Донос оказался верным до последней мелочи. В библиотеке пана преподавателя в самом деле было найдено оружие — небольшой браунинг в кожаном футляре, имевшем форму книги. Когда я показал его приведенному ко мне хозяину дома, допустившему это злоупотребление, он затрясся и принялся бессвязно бормотать, что он всего лишь учитель ботаники, что у него есть гербарии, есть ученики, с которыми он иногда ходит в горы выкапывать разные растения и корни, а в оружии он вообще не разбирается, потому что даже не был в армии.
— Вы знали о приказе, согласно которому каждый, у кого есть оружие, обязан явиться в комендатуру и едать его? — спросил я старика.
Он подтвердил, что знал.
— У вас в квартире тогда производился обыск?
— Да, — ответил он.
— Почему же вы не сдали браунинг?
— О нем я не знал, — сказал он и снова начал рассказывать о своих гербариях и высушенных травах.

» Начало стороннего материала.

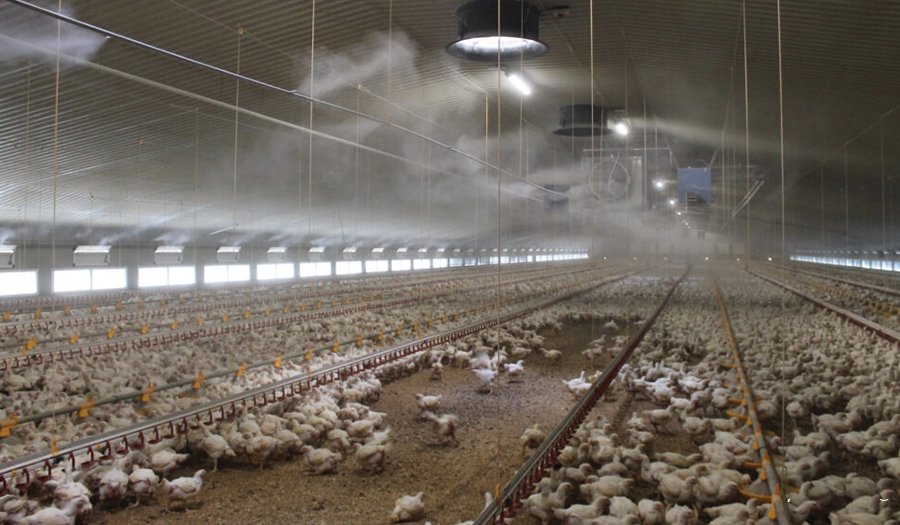 Daily misting of broiler sheds lifts bird performance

Дескать, он не знает, как оружие могло попасть в библиотеку.
Смешная, прямо детская отговорка! Но утверждал это невысокий, тщедушный мужчина лет шестидесяти, с седоватой козьей бородкой, который словно глотал что-то всякий раз, когда произносил слово. Он стоял передо мной бледный, как ученик, который забыл урок и боится взбучки. Очевидно, он редко ходил по учреждениям и форма, тем более военная, нагоняла на него страх. Его старческое лицо постоянно морщилось и подергивалось, маленькие глазки перебегали с предмета на предмет, говорил он бессвязно, потел и то и дело вынимал из кармана потрепанного пальто большой цветной платок, чтобы вытереть острый влажный нос.
— Вы одалживаете книги? — допытывался я, желая хотя бы для себя как-то решить это дело.
— Да, — прозвучал ответ.
— Кому?
— Своим ученикам.
— А просматриваете возвращаемые книги?
— Иногда… — Но он тут же дернулся и заговорил: — Нет-нет, это невозможно! Они бы этого не сделали. Они еще молоды, пятый класс, они носят мне домой цветы. Нет, такое бы они не посмели. Я знаю их.
— За подобные вещи при теперешних обстоятельствах человек приговаривается к смерти, — добавил я больше для себя. Но не надо мне было мучить его — на старика было жалко смотреть. Я не знал, что люди могут прийти в такой ужас при упоминании о смерти. — У вас в доме есть служанка? — продолжал я, желая исправить свою оплошность.